Solved – mini batch matrix form of neural network

deep learningmachine learningneural networks

I am studying neural network. I read a lot about mini-batch gradient descent. So now, I was implementing it in TensorFlow.

But I have some questions regarding the matrix formulation of the problem/vectorization.

Notation

First some notation
$w_{ij}^l$ is the weight on the connection connecting node $j$ in layer $l$ to node $i$ in layer $l+1$.

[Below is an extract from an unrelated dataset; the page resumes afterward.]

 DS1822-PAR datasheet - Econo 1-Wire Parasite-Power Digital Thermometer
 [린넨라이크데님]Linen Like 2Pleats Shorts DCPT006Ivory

If we have $4$ nodes and $3$ features we could have:

$W^{(1)} = \begin{bmatrix}
w_{11}^{(1)} & w_{12}^{(1)} & w_{13}^{(1)} \\
w_{21}^{(1)} & w_{22}^{(1)} & w_{23}^{(1)} \\
w_{31}^{(1)} & w_{32}^{(1)} & w_{33}^{(1)} \\
w_{41}^{(1)} & w_{42}^{(1)} & w_{43}^{(1)}
\end{bmatrix}$

At the same time, suppose we have a batch size of $5$, then the input matrix might be

$X = \begin{bmatrix}
x_{11} & x_{12} & x_{13} \\
x_{21} & x_{22} & x_{23} \\
x_{31} & x_{32} & x_{33} \\
x_{41} & x_{42} & x_{43} \\
x_{51} & x_{52} & x_{53}
\end{bmatrix}$

where $x_{ij}$ is the input in sample $i$ of feature $j$.

What I don't understand

Everywhere I go I see $f(W^TX +\mathbb{b})$ as the formula. However this clearly doesn't make sense here, as we would have incompatible shapes!! $W$ has shapes $(\text{number nodes}, \text{number features})$, while $X$ has shape $($ batch size, number features $)$.

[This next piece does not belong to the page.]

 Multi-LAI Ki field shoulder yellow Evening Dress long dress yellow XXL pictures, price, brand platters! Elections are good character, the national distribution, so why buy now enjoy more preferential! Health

Ideally we would like, for each sample, to have something like this (I only write the first two columns). But how do we get there? Is this the correct way?

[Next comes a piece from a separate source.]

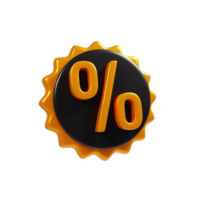 3d rendering percent discount icon. Online shop marketing icon concept png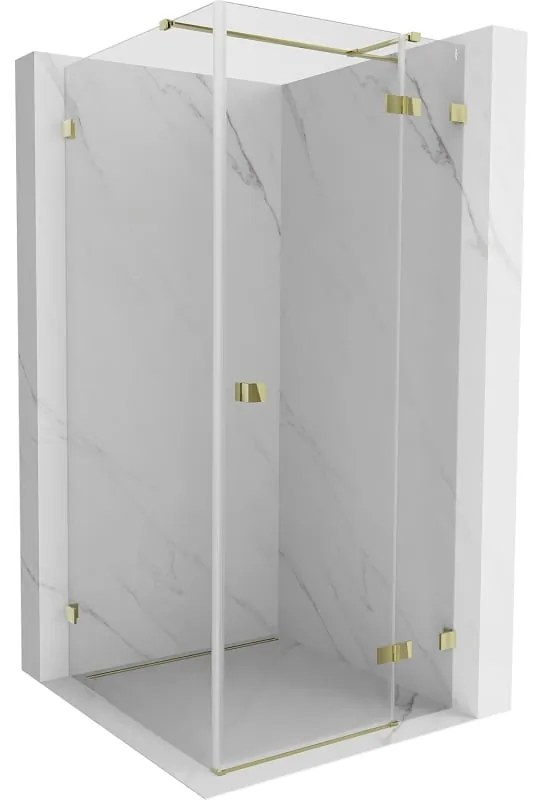 Mexen Lunar T, výklopný sprchový kút pravý 120 x 120 cm, 8mm číre sklo, zlatý profil, 834T-120-120-50-00-P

$A^{(1)} = \begin{bmatrix}
w_{11}^{(1)}x_{11} + w_{12}^{(1)}x_{12} + w_{13}^{(1)}x_{13} & w_{11}^{(1)}x_{21} + w_{12}^{(1)}x_{22} + w_{13}^{(1)}x_{23}\\
w_{21}^{(1)} x_{11} + w_{22}^{(1)}x_{12} + w_{23}^{(1)}x_{13} & w_{11}^{(1)}x_{21} + w_{12}^{(1)}x_{22} + w_{13}^{(1)}x_{23}\\
w_{31}^{(1)}x_{11} + w_{32}^{(1)}x_{12} + w_{33}^{(1)}x_{13} & w_{31}^{(1)}x_{31} + w_{32}^{(1)}x_{32} + w_{33}^{(1)}x_{33}\\
w_{41}^{(1)}x_{11} + w_{42}^{(1)}x_{12} + w_{43}^{(1)}x_{13} & w_{41}^{(1)}x_{41} + w_{42}^{(1)}x_{42} + w_{43}^{(1)}x_{43}
\end{bmatrix}$

Best Answer

I don't see the problem. Here's a neural net with three layers: $$ \begin{array}{c} y = \beta_0 + \mathbf{V}_1\beta \\ \mathbf{V}_1 = a(\gamma_1 + \mathbf{V}_2\Gamma_1)\\ \mathbf{V}_2 = a(\gamma_2 + \mathbf{V}_3\Gamma_2)\\ \mathbf{V}_3 = a(\gamma_3 + \mathbf{X}\Gamma_3) \end{array} $$

Where $\mathbf{X}$ is your data.

Say that $\mathbf{X}$ is $N \times p$. That means that $\Gamma_3$ is $p \times p_3$, $\mathbf{V}_3$ is therefore $N \times p_3$ and $\Gamma_2$ is $p_3 \times p_2$, $\mathbf{V}_2$ is therefore $N \times p_2$ and $\Gamma_1$ is $p_2 \times p_1$, and $\beta$ is $p_1 \times 1$ (assuming a univariate response).

For a minibatch, just swap out $N$ with $B<N$. It doesn't change the dimensions of the weights, just that of the derived variables/hidden layers $\mathbf{V}$

Your problem is that you were thinking of $X$ as row-oriented vs column oriented, I think. That's why your matrices weren't conformable. But minibatch has nothing to do with that -- minibatch chops off observations, not features. Dropout, on the other hand, chops off features. In so doing it propagates the deleted columns upward/downward on the forward backward passes.